Daily incremental sync

Pull yesterday’s new transactions into your warehouse. Anchor on the effective_at date range, paginate with cursor/limit, dedupe on transaction_id in your warehouse rather than tracking a high-water mark on the API side. Re-running the same window is safe — the API returns the same transaction IDs.
# Replace YESTERDAY with yesterday's date in UTC (e.g. 2026-05-27)
curl -H "Authorization: Bearer mk_your_key_here" \
  "https://api.montereyfinancial.app/transactions?from=YESTERDAY&to=YESTERDAY&limit=500"

# Then paginate by passing back next_cursor:
curl -H "Authorization: Bearer mk_your_key_here" \
  "https://api.montereyfinancial.app/transactions?from=YESTERDAY&to=YESTERDAY&limit=500&cursor=NEXT_CURSOR_VALUE"

Reconcile a payment to your books

This is the most concrete use of external_contract_number. Two directions: You see a payment in Monterey, want to find the matching record in your system. Fetch the account by ID, read external_contract_number, look up in your DB. You have a contract number in your system, want all Monterey transactions for it. List accounts filtered by your contract number (via list-and-filter, since there’s no ?external_contract_number= query parameter today), then list transactions per matching account.
# Direction 1: MFS payment → your contract number
# Given a transaction with account_id="01J..."
curl -H "Authorization: Bearer mk_your_key_here" \
  "https://api.montereyfinancial.app/accounts/01J..."
# → response includes external_contract_number; look that up in your DB

# Direction 2: your contract number → all MFS transactions for it
# First find the account (no direct filter; scan accounts list)
curl -H "Authorization: Bearer mk_your_key_here" \
  "https://api.montereyfinancial.app/accounts?limit=500"
# Filter locally for the account whose external_contract_number matches yours.
# Then list its transactions:
curl -H "Authorization: Bearer mk_your_key_here" \
  "https://api.montereyfinancial.app/accounts/01J.../transactions?limit=500"
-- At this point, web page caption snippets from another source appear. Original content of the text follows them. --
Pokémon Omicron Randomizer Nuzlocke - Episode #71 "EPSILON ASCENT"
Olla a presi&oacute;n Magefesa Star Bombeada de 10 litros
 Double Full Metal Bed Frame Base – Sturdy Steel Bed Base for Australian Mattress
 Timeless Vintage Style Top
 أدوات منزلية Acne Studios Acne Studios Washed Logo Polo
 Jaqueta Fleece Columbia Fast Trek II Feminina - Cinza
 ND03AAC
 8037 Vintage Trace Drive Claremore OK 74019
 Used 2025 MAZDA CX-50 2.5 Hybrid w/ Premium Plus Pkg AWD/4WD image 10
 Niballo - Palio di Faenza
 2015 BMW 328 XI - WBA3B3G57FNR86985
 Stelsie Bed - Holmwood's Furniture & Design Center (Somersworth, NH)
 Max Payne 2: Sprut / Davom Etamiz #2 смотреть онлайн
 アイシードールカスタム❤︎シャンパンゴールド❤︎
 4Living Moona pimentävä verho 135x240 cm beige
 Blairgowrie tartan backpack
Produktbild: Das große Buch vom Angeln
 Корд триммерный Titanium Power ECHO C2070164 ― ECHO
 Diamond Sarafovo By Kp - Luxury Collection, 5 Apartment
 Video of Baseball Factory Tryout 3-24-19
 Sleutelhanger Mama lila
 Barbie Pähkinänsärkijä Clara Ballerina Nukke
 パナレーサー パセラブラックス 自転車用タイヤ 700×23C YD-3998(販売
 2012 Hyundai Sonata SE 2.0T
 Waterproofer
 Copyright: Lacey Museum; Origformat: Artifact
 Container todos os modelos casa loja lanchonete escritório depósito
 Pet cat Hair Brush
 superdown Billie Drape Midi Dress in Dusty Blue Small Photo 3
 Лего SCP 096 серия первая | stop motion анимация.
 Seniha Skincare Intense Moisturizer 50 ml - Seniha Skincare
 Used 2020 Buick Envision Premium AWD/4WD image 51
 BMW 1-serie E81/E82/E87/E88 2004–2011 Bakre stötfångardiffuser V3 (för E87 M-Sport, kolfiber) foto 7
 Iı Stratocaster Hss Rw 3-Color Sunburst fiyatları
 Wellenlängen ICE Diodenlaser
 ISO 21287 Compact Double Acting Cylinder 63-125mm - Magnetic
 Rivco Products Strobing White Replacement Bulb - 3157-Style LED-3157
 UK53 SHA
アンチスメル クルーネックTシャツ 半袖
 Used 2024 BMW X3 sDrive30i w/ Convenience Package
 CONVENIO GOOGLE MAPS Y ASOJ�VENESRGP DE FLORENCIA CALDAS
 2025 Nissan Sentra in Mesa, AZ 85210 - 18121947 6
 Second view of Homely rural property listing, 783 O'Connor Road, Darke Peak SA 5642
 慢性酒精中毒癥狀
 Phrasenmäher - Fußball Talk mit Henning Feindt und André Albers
Drill from organization → account → transaction

The resource-composition pattern. Useful for customer service tools and “everything about this customer” views. Three hops: pick an organization, list its accounts, then list a specific account’s transactions. For org-wide aggregates (total payments this month across all accounts), the Reports family is usually a better fit than walking the resource tree — the server-side aggregation is cheaper than fetching every row.
# 1. Get the organization (if you only have its id from a list response)
curl -H "Authorization: Bearer mk_your_key_here" \
  "https://api.montereyfinancial.app/organizations/01K..."

# 2. List all accounts in that organization
curl -H "Authorization: Bearer mk_your_key_here" \
  "https://api.montereyfinancial.app/accounts?organization_id=01K...&limit=500"

# 3. List transactions for one specific account
curl -H "Authorization: Bearer mk_your_key_here" \
  "https://api.montereyfinancial.app/accounts/01J.../transactions?limit=500"

Backfill historical data at scale

Walk a multi-year date range in monthly chunks. The pagination pattern is identical to the daily sync — just scaled up. Three operational notes:
  • Chunk by month, not year. Keeps individual jobs short enough to retry without losing too much state.
  • Save next_cursor between chunks. A multi-hour backfill that crashes shouldn’t restart from scratch — store the cursor in your job state and resume.
  • Respect the limit ceiling. The maximum limit is 1000; passing higher returns 422 (see Conventions).
# Pull one month at a time. Loop in shell or in your job runner.
for month in 2024-01 2024-02 2024-03; do
  from="${month}-01"
  to=$(date -d "${from} +1 month -1 day" +%F)
  cursor=""
  while :; do
    url="https://api.montereyfinancial.app/transactions?from=${from}&to=${to}&limit=500${cursor:+&cursor=$cursor}"
    resp=$(curl -s -H "Authorization: Bearer mk_your_key_here" "$url")
    echo "$resp" | jq -c '.rows[]' >> backfill.jsonl
    cursor=$(echo "$resp" | jq -r '.page.next_cursor // empty')
    [ -z "$cursor" ] && break
  done
done

Choosing reports vs resource endpoints

The Reporting API surface has two answer shapes — pre-shaped Reports and composable resource endpoints. They cover the same underlying data; the right choice depends on the shape of your question.
Your questionUse
”Give me all NSF returns in March.”GET /reports/nsfr
”What payments came in yesterday?”GET /reports/crr or GET /transactions
”What’s account 01J… worth right now?”GET /accounts/{id}
”Who is the primary borrower on account 01J…?”GET /accounts/{id} (includes primary_borrower_party_id)
“Show every transaction for borrower 01K….”GET /persons/{id}/accounts → fan out to /accounts/{id}/transactions
”All write-offs this quarter, grouped by organization.”GET /reports/wor (already returns organization_id per row)
“Recent activity on this one account.”GET /accounts/{id}/transactions
”Reconcile all your contracts against MFS this month.”GET /reports/crr (filter locally by external_contract_number)
Heuristics:
  • If the question is a row-shaped business answer (“payments”, “returns”, “balances”), there’s probably a report for it.
  • If the question is about a specific entity (“this account”, “this person”), use the resource endpoints.
  • If the question is “everything about X”, drill from the resource endpoint.
  • When in doubt, reports are less code — they pre-filter on the server, so you write less pagination code on your side.